If, like me, you haven’t been to the Edinburgh Book Festival since those far off days of 2019, you’ll notice that Charlotte Square is looking uncharacteristically deserted this Summer. That’s because the world’s biggest public celebration of the written word has decamped and moved to a new base at the Edinburgh College of Art in Lauriston Place. Whilst many will miss the horticultural charm of Charlotte Square, this new venue retains much of that bucolic vibe, with plenty of outdoor green space – but, importantly, that’s coupled with plentiful indoor lecture theatre space which (I think) is an improvement on the marquees and tents of yesteryear.
The first event I attended was the launch of Scotland: the Global History, 1603 to the Present, the latest publication by Prof. Murray Pittock, probably Scottish academia’s leading cultural commentator, who has held a number of high-profile appointments as well as authoring several key texts on Scottish history, identity, and literature. This latest work carries readers from Scotland’s involvement in the Thirty Years’ War to the 2016 EU referendum. A sizeable audience gathered in the grand surroundings of the Bailie Gifford Sculpture Court for the event, which took the form of an interview chaired by the broadcaster and journalist Ruth Wishart.
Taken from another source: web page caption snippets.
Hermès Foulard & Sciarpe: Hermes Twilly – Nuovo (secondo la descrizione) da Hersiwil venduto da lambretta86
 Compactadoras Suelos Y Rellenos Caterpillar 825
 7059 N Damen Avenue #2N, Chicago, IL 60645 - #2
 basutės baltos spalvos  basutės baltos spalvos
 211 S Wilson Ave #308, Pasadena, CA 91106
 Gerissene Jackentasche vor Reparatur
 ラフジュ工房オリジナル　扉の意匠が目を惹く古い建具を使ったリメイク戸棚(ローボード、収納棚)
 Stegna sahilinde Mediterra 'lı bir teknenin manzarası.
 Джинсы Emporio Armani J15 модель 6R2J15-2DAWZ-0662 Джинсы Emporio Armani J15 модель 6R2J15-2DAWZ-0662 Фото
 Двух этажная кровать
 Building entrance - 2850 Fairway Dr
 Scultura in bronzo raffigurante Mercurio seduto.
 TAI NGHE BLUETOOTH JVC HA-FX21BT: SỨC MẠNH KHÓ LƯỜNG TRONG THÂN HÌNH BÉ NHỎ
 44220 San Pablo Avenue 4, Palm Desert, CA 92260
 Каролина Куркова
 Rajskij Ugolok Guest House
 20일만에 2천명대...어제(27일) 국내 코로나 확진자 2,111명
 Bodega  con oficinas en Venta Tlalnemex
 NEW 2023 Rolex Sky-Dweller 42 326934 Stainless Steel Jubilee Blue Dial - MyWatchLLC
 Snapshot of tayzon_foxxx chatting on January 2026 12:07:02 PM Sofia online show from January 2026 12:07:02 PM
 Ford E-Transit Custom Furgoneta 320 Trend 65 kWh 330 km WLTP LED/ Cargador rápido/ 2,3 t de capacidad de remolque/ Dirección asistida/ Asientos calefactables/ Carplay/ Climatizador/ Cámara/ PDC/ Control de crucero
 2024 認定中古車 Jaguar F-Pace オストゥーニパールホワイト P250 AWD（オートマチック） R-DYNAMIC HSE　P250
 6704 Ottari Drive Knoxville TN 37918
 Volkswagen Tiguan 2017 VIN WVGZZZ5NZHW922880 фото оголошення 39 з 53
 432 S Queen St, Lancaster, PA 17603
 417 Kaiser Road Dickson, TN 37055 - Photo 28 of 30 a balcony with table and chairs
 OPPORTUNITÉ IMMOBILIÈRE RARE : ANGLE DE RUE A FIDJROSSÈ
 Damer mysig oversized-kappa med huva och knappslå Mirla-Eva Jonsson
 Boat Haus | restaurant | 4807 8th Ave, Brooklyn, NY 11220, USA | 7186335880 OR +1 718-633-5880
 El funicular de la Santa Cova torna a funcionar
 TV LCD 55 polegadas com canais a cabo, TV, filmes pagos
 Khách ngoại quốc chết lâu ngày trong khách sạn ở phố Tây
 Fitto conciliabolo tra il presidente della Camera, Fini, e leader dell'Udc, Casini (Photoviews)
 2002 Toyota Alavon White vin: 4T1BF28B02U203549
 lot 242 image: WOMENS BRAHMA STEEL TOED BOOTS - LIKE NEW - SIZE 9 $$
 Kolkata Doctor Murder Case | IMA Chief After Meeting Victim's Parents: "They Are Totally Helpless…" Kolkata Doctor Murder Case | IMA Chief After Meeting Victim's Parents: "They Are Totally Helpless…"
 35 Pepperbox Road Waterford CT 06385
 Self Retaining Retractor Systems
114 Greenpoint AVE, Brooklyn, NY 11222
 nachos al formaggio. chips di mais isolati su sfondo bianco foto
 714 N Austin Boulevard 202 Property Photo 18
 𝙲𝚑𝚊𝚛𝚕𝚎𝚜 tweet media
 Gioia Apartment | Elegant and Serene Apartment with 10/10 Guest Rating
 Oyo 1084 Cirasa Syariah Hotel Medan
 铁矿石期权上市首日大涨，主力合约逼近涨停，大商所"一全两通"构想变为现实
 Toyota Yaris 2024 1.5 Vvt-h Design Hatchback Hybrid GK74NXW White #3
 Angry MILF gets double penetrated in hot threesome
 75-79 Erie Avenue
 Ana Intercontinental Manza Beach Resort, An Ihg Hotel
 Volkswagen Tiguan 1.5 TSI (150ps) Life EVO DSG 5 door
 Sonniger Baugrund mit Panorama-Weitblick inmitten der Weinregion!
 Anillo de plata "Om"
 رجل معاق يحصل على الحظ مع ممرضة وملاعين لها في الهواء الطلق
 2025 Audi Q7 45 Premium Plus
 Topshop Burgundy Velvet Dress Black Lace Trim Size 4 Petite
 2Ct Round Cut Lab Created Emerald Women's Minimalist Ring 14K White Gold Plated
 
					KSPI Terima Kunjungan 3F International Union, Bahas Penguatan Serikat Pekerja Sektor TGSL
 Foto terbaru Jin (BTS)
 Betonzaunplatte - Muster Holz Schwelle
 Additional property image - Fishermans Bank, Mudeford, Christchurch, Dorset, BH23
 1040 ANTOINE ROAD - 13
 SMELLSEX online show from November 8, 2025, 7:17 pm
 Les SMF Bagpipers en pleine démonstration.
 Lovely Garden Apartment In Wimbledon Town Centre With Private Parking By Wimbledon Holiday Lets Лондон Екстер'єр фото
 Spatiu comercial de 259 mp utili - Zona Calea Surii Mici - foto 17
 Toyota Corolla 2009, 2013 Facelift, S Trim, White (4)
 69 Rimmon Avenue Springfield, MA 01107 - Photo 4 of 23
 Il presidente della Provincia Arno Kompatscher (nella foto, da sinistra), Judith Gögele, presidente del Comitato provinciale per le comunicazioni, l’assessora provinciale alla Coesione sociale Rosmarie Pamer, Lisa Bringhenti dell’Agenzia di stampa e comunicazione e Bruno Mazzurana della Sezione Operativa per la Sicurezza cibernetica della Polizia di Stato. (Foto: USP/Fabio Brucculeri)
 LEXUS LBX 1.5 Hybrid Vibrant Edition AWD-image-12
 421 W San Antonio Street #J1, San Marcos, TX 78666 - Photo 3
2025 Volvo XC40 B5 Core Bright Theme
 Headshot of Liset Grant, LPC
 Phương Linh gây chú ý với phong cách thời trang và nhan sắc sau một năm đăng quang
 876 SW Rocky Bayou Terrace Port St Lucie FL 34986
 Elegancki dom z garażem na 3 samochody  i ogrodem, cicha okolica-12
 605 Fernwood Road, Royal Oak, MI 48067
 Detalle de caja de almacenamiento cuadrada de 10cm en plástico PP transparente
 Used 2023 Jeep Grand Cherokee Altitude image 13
These two figures, both well-known in Scots literary circles, made an excellent duo, seeing to it that this was no dry and dusty seminar, but a breezy and accessible chat about the influence of Scotland’s culture and history on how it sees itself and its place in the UK (or out of it) and the wider world. Always a nation that’s punched above its weight, the nation’s disproportionately high-profile role in a number of spheres was discussed: the Enlightenment, the British Empire, science, and literature. To keep the tone light-hearted, there was even some teasing about the rival fortunes of Dundee United and Aberdeen FC. After 45 minutes, there was a quarter hour of questions from both the live and the online audience, many of which touched upon Scotland’s lively political scene. In case there is any doubt about the current significance of the ideas being discussed this talk, the following day the leader column in the Scottish edition of The Times newspaper used the occasion as the basis for a discussion on conflicting ideas of what it is to be Scottish or British in the current nationalist debate.
The book festival runs until 29th August, with numerous authors appearing live for lectures, talks, and book-signings. All related works, along with a huge selection of great Scottish literature, are for sale in the excellent on-site bookshop. So come for the fascinating talks; stay for a coffee and a slice of cake in the superb café; leave with a book signed by your favourite author. Get your coats on and go see this!